Task details
Print word for word the first line of the listing below and every line after it, through the line with "День рождения твой у нас! Открытка с крокусом". Leave out the pictures and the rest.

Supplied information
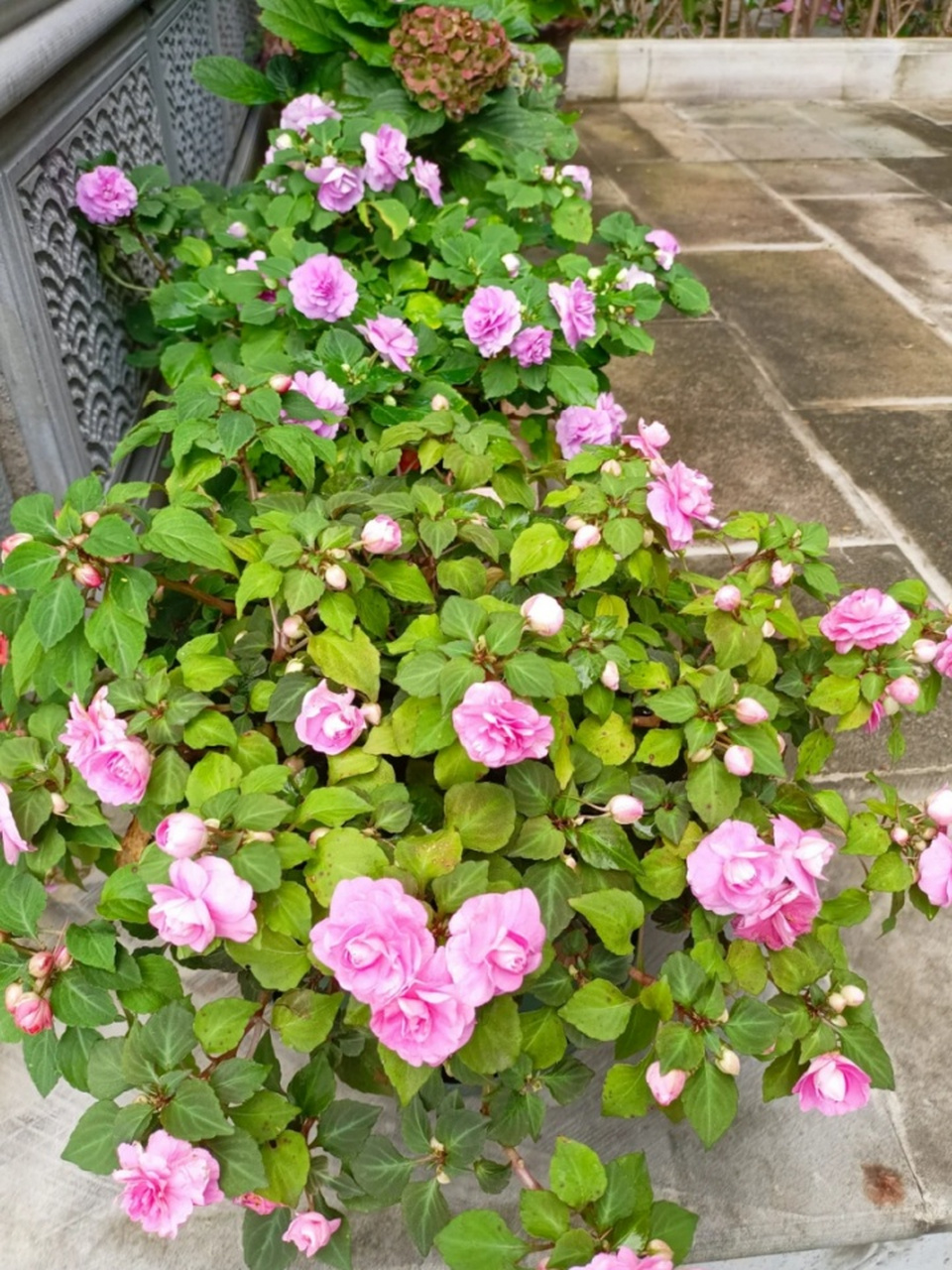 玻璃翠花图片 🔆玻璃翠花,也被称为玻璃海棠或何氏凤仙,是凤仙花科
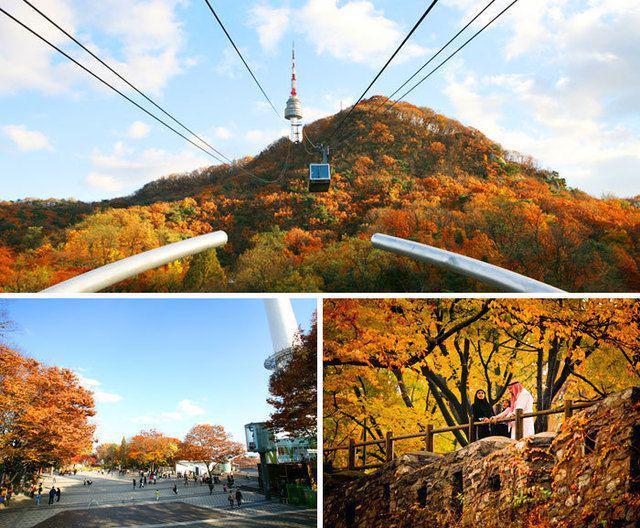 รูปภาพ:http://tong.visitkorea.or.kr/img/vk/enu/cms/content/31/261031_1_48.jpg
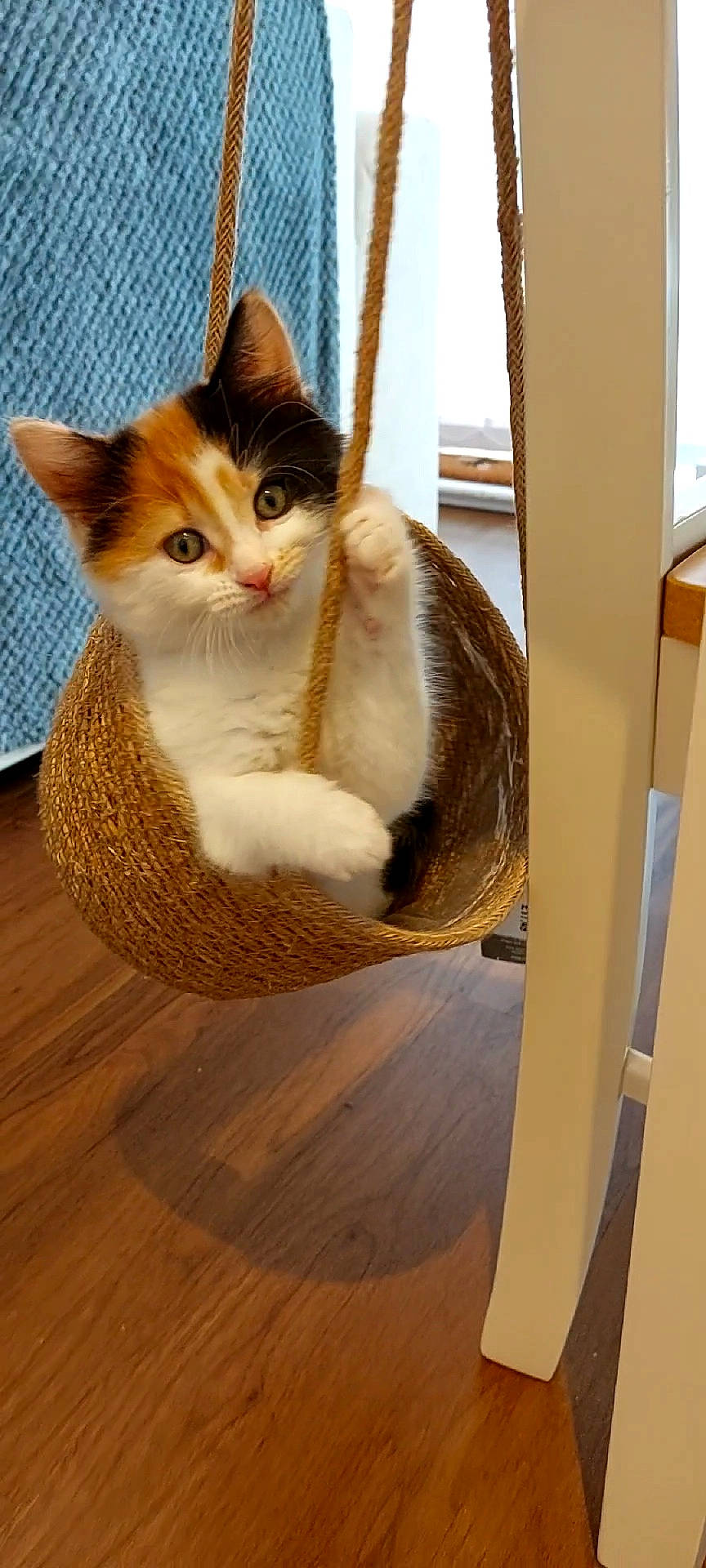 Maple is registered to the contest to win money with this photo: carnivore, cat, cat_furniture, cat_supply, comfort, domestic_short_haired_cat, fawn, felidae, flooring, fur, hardwood, laminate_flooring, pet_supply, small_to_medium_sized_cats, snout, tail, whiskers, window, wood, wood_flooring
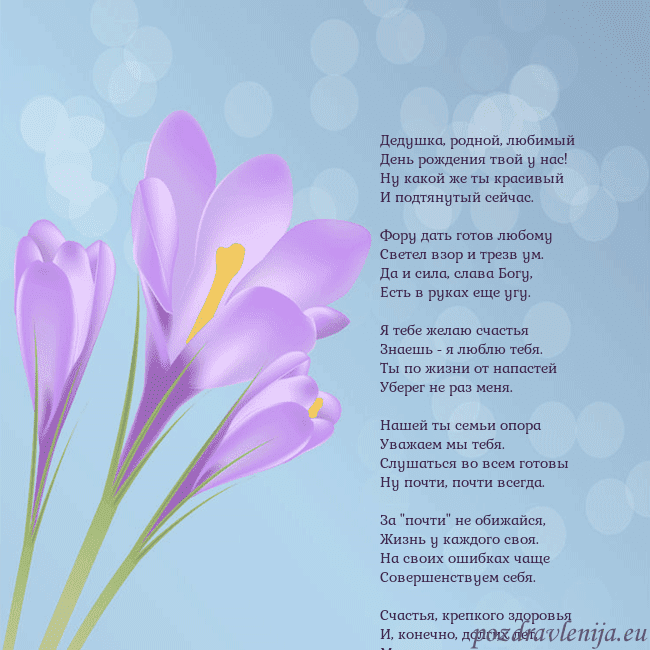 Открытка с крокусом Дедушка, родной, любимый
День рождения твой у нас! Открытка с крокусом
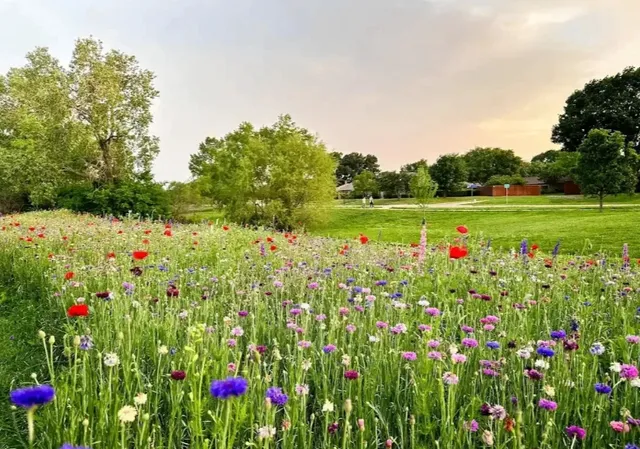 Dallas | Spring Flower Viewing Guide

Task response
 玻璃翠花图片 🔆玻璃翠花,也被称为玻璃海棠或何氏凤仙,是凤仙花科
 รูปภาพ:http://tong.visitkorea.or.kr/img/vk/enu/cms/content/31/261031_1_48.jpg
 Maple is registered to the contest to win money with this photo: carnivore, cat, cat_furniture, cat_supply, comfort, domestic_short_haired_cat, fawn, felidae, flooring, fur, hardwood, laminate_flooring, pet_supply, small_to_medium_sized_cats, snout, tail, whiskers, window, wood, wood_flooring
 Открытка с крокусом Дедушка, родной, любимый
День рождения твой у нас! Открытка с крокусом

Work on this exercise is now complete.